Print the data once more, exactly as given. Drop the pictures.

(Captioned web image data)
"""

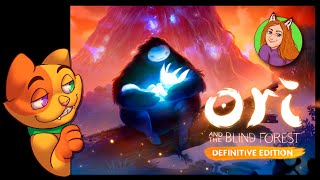 Ori and the Blind Forest: Definitive Edition (Steam) | Прохождение любимой инди игры | Часть 2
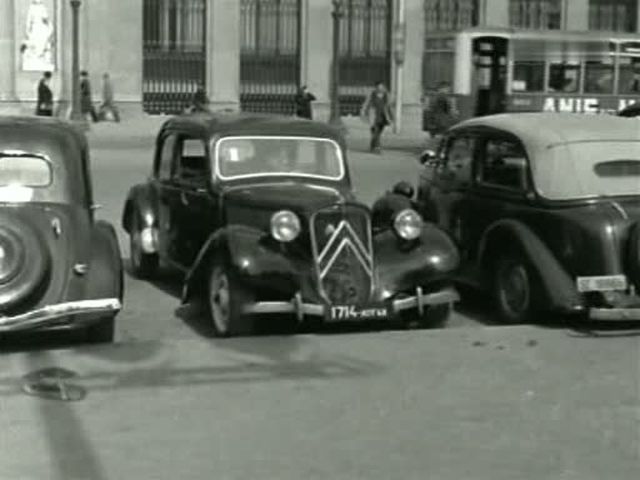 1938 Ford Eifel Cabriolett-Limusine Drauz [20C]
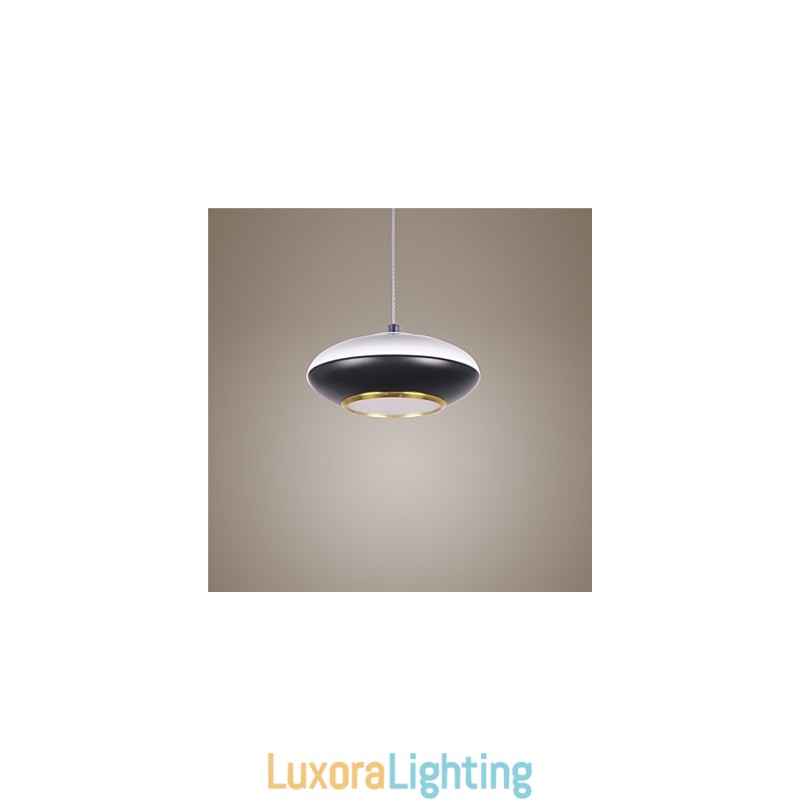 Designer Touch Decorative Modern Flying saucer Design High Quality Pendant Light Cafe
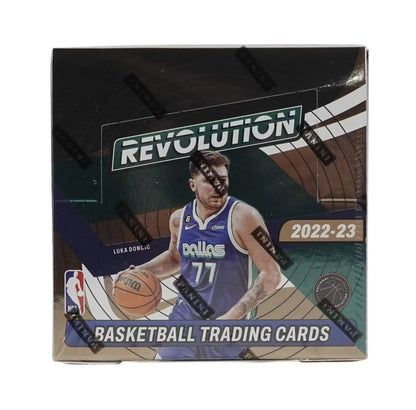 2022-23 Panini Revolution Chinese New Year Basketball Hobby Box with exclusive parallels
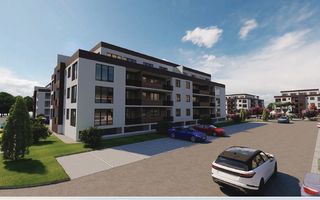 3 Camere Decomandate + Terasă 13 mp – Zona Jumbo - Poză 4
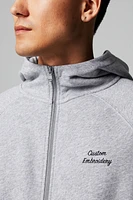 The Year Round Terry Full Zip Hoodie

"""

__Response area__
 Ori and the Blind Forest: Definitive Edition (Steam) | Прохождение любимой инди игры | Часть 2
 1938 Ford Eifel Cabriolett-Limusine Drauz [20C]
 Designer Touch Decorative Modern Flying saucer Design High Quality Pendant Light Cafe
 2022-23 Panini Revolution Chinese New Year Basketball Hobby Box with exclusive parallels
 3 Camere Decomandate + Terasă 13 mp – Zona Jumbo - Poză 4
 The Year Round Terry Full Zip Hoodie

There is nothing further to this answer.